Instructions to follow: Exact copy required. Repeat the records, but keep the pictures out.

- - - - - - -

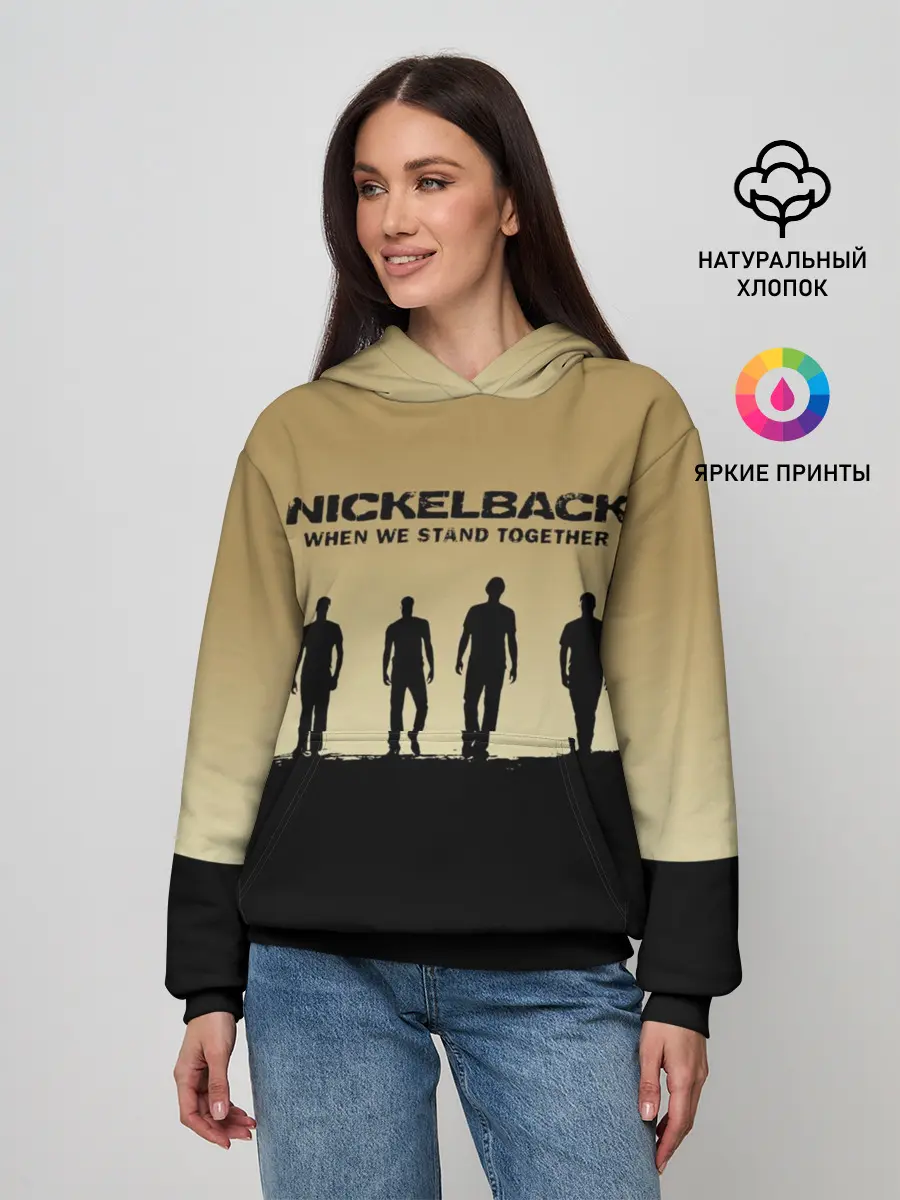 Женское худи / Nickelback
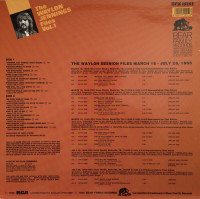 Aperçu: The Waylon Jennings Files, Vol.1 (LP) Aperçu: The Waylon Jennings Files, Vol.1 (LP)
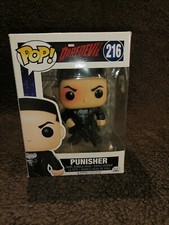Funko pop Marvel Figurine Daredevil  Punisher 216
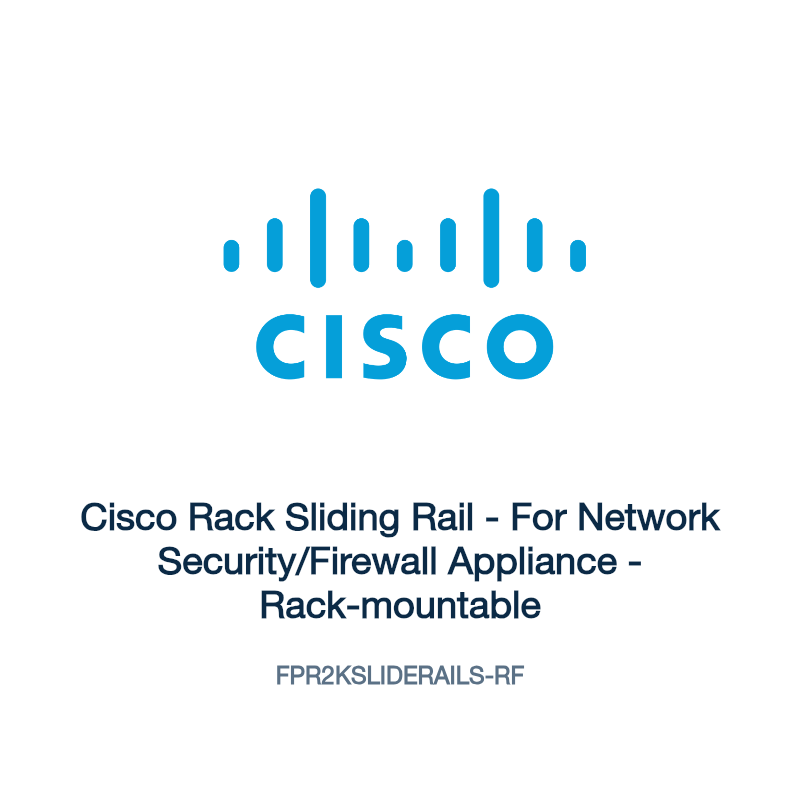 FPR2KSLIDERAILS-RF: Cisco Rack Sliding Rail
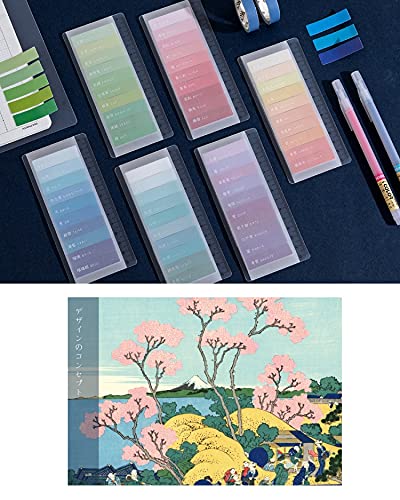 Tvoip 900 Pieces Colored Page Markers,6 Sets Sticky Tabs,Neon Sticky Notes Flags,Waterproof Writable Translucent Page Flags for Books,Bookmarks,Notebook,Removes Cleanly - Image 9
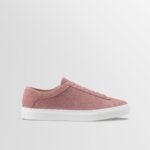 Capri Suede Sneaker in Rose
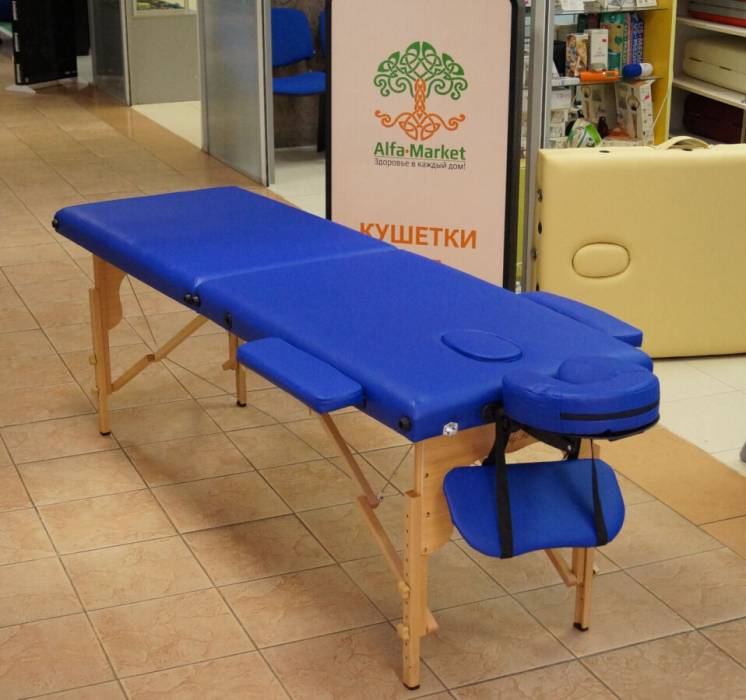 Стол для массажа 2-х сегм. польша Milano массажный стол бук кушетка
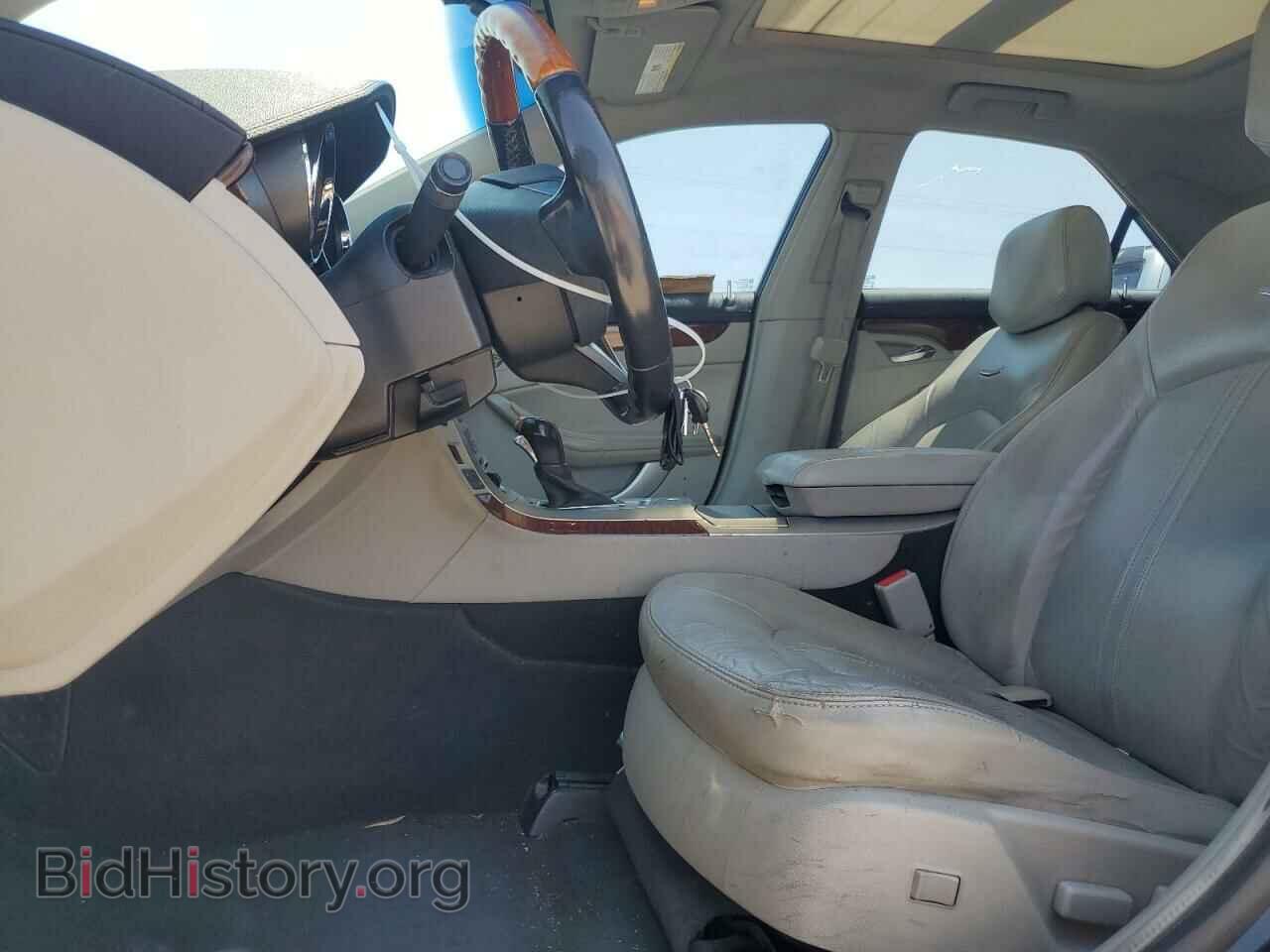 2011 CADILLAC CTS - VIN: 1G6DE5EY2B0133654 - Фото 7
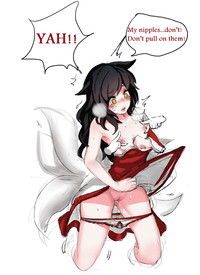"Enemy Ahri and Our Ahri" by PD hentai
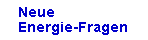 Neue Energiefragen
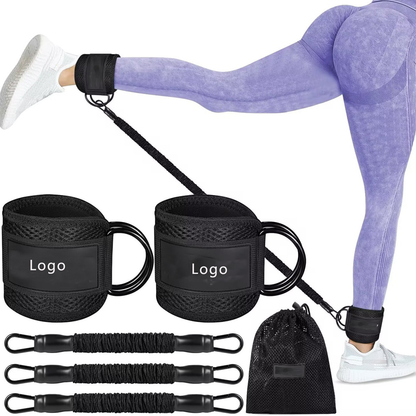 CILIFER® Ankle Resistance Bands with Cuffs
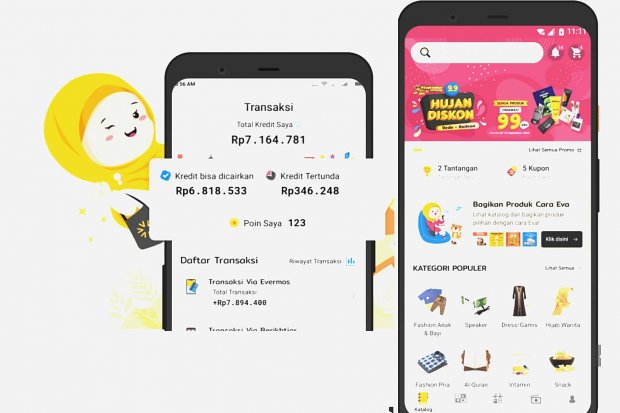 Startup Evermos Klaim Tambah Penghasilan Reseller saat Pandemi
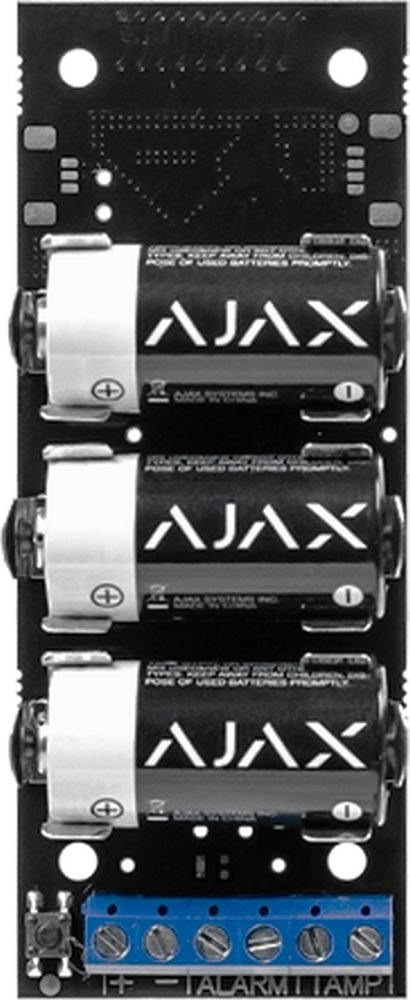 Módulo de Integração Sem Fios AJAX Transmitter para Detectores de Terceiros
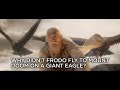 Why Didn’t Frodo Fly To Mount Doom On A Giant Eagle?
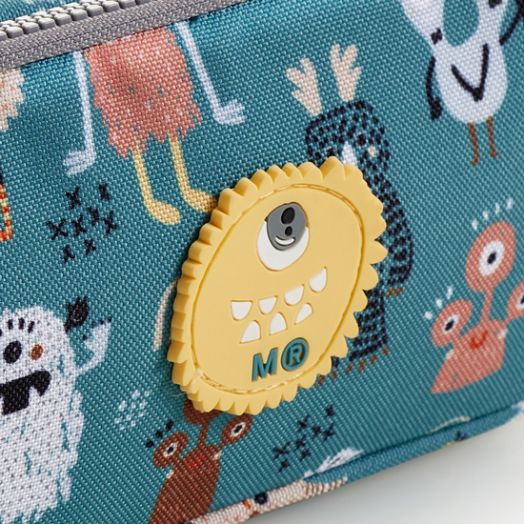 Овален несесер Miquelrius Little Monsters с две отделения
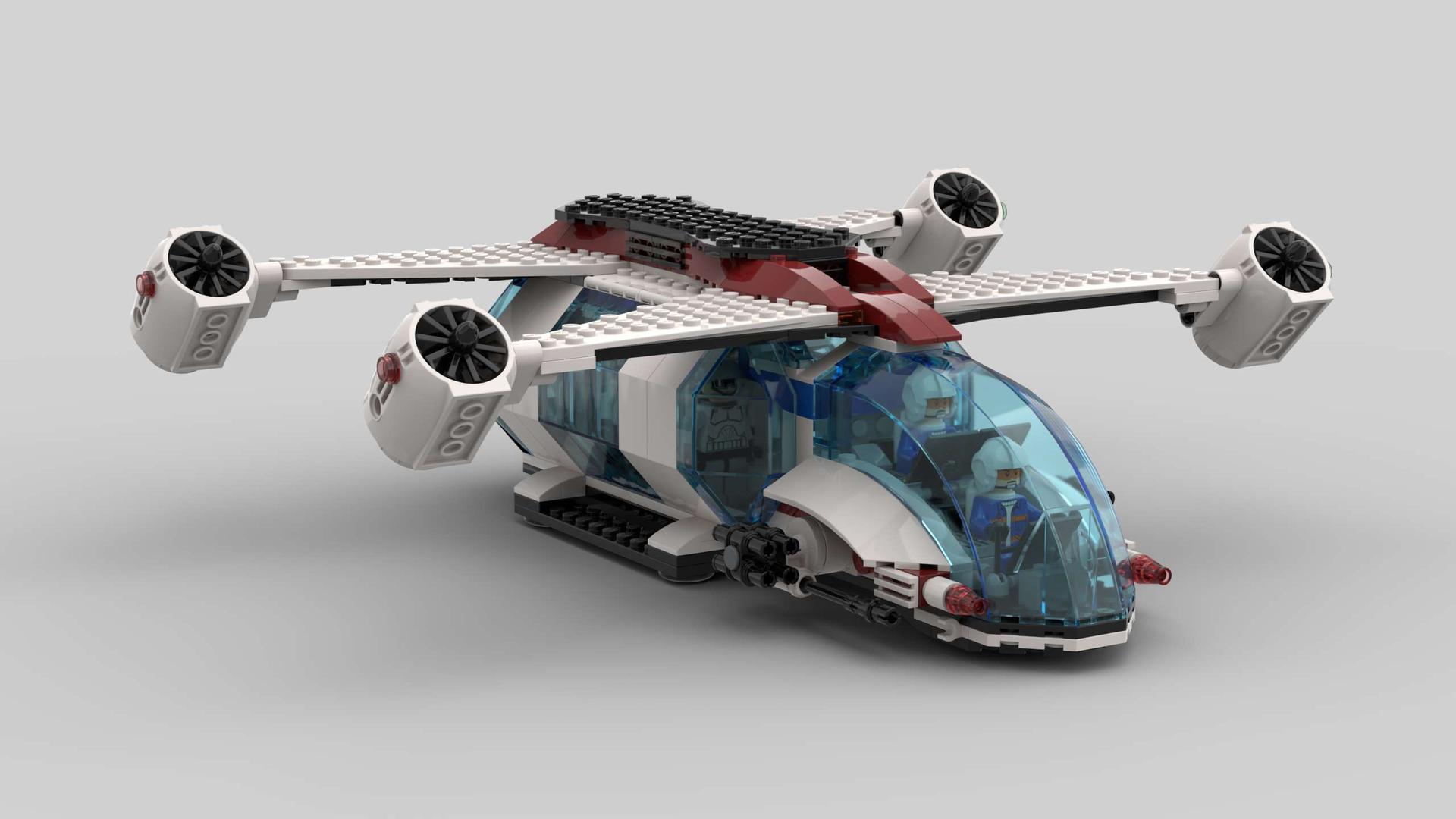 Space - DropShip mk05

- - - - - - -

Answer area:
 Женское худи / Nickelback
 Aperçu: The Waylon Jennings Files, Vol.1 (LP) Aperçu: The Waylon Jennings Files, Vol.1 (LP)
Funko pop Marvel Figurine Daredevil  Punisher 216
 FPR2KSLIDERAILS-RF: Cisco Rack Sliding Rail
 Tvoip 900 Pieces Colored Page Markers,6 Sets Sticky Tabs,Neon Sticky Notes Flags,Waterproof Writable Translucent Page Flags for Books,Bookmarks,Notebook,Removes Cleanly - Image 9
 Capri Suede Sneaker in Rose
 Стол для массажа 2-х сегм. польша Milano массажный стол бук кушетка
 2011 CADILLAC CTS - VIN: 1G6DE5EY2B0133654 - Фото 7
"Enemy Ahri and Our Ahri" by PD hentai
 Neue Energiefragen
 CILIFER® Ankle Resistance Bands with Cuffs
 Startup Evermos Klaim Tambah Penghasilan Reseller saat Pandemi
 Módulo de Integração Sem Fios AJAX Transmitter para Detectores de Terceiros
 Why Didn’t Frodo Fly To Mount Doom On A Giant Eagle?
 Овален несесер Miquelrius Little Monsters с две отделения
 Space - DropShip mk05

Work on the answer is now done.